There is a link to an excellent article on how they work and notes on using thermocouples from a well-known expert on them – click here.
Don’t forget to check our temperature references pages for the many additional publications that provide a wealth of information on the theory and application of these very popular and rugged temperature sensors.
The applications are where the seasoned TC user and the novice part company and the one with know-how usually achieves the desired result. If all else fails to impress you to be thorough and careful with thermocouples, consider these few facts:
1. Thermocouples measure their own temperature. You must infer the temperature of the object of interest by being certain there is no heat flow between them when you take the measurement.
That’s easier than it sounds in some cases.
2. Thermocouples can err in reading their own temperature, especially after being used for a while, or if the insulation between the wires loses its resistance due to moisture or thermal conditions, or there are chemical, nuclear radiation or mechanical effects in the immediate surroundings.
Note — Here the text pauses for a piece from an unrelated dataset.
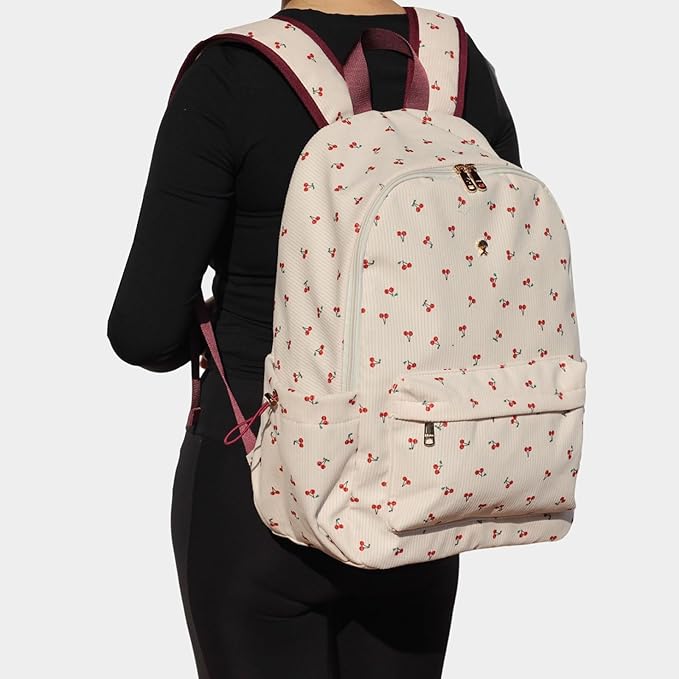 ESVAN Corduroy Backpack Lightweight Fashion 17 inch Laptop Bag for Women Casual College (Corduroy cherry)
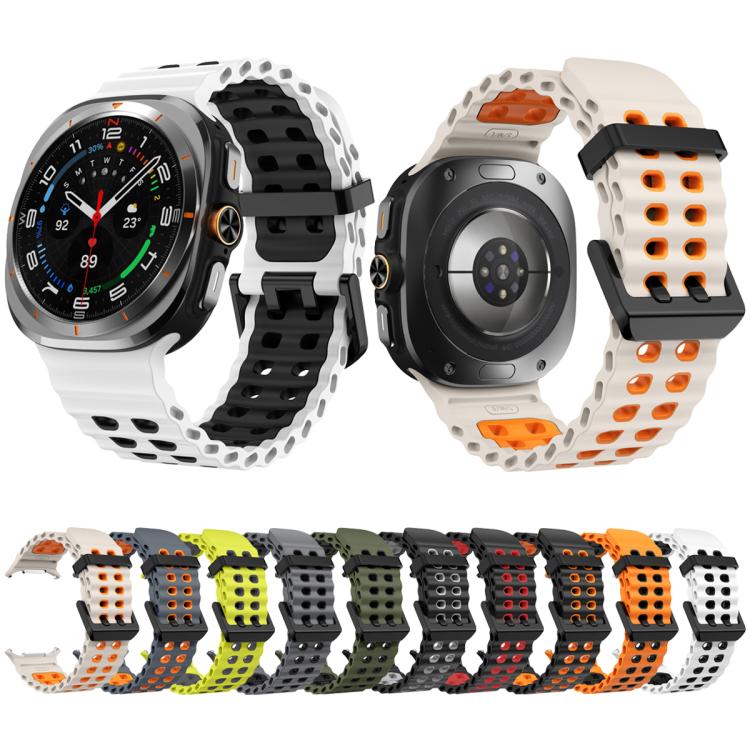 For Samsung Galaxy Watch Ultra 47mm / Ultra 2025 Ocean Two Color Dual-Row Hole Silicone Watch Band(Black Orange) by bashfashion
3. Beware of electrical hazards using thermocouples. They are electrical conductors and even refractory oxide sheathed models at high temperatures, should they contact a source of electricity, could kill you!
4. Oh, Yes.Thermocouples DO NOT MEASURE AT THE JUNCTIONS!
They can’t, it is physically impossible to have a temperature gradient at a point. Also, the Electric Field Strength (i.e. volts/meter) at such an impossible condition would be infinite, sufficient to tear the materials apart.
So, if you want to understand TCs better, start with the very basics; learn about the Seebeck Effect and how thermocouples really work!
Also, if you use thermocouples, you need to have some way to interpret their small and non-linear output voltages.
There’s lots of ways to do it, the simplest being a measurement of the output voltage and looking up the value in a table of millivolts dc versus temperature AND correcting for the cooler junction not being at 0 °C, or 32 °F, according to your units inclination.
The high end is to hook the thermocouples up to a modern readout display or a DAQ module plugged into a PC and read away!
However, it is not a fool proof business and there are many subtle things about thermocouples and their uses that have made well-intentioned engineers, who thought they understood them, look like fools.
The hooking up and reading out are most often the easy parts of a measurement.
The selection, installation details and the conditions of use play a big role in obtaining a measurement that is accurate and reliable.
It’s like many measurement subjects, the devil is in the details and “simple” thermocouples have a lot of details!
Their context of use is perhaps the biggest, especially where relatively high temperature-above a few hundred degrees (on anyone’s scale) are the object of measurement.
Above a few thousand degrees, there are a whole range of additional problems.
Thanks for visiting and if you plan to use them, be careful, don’t get fooled by their apparent simplicity. Learn the details, start with the basics (What measurement precision do I need?-Is it realistic for using thermocouples, etc.etc?)
In other words always apply a systematic, measurement engineering approach.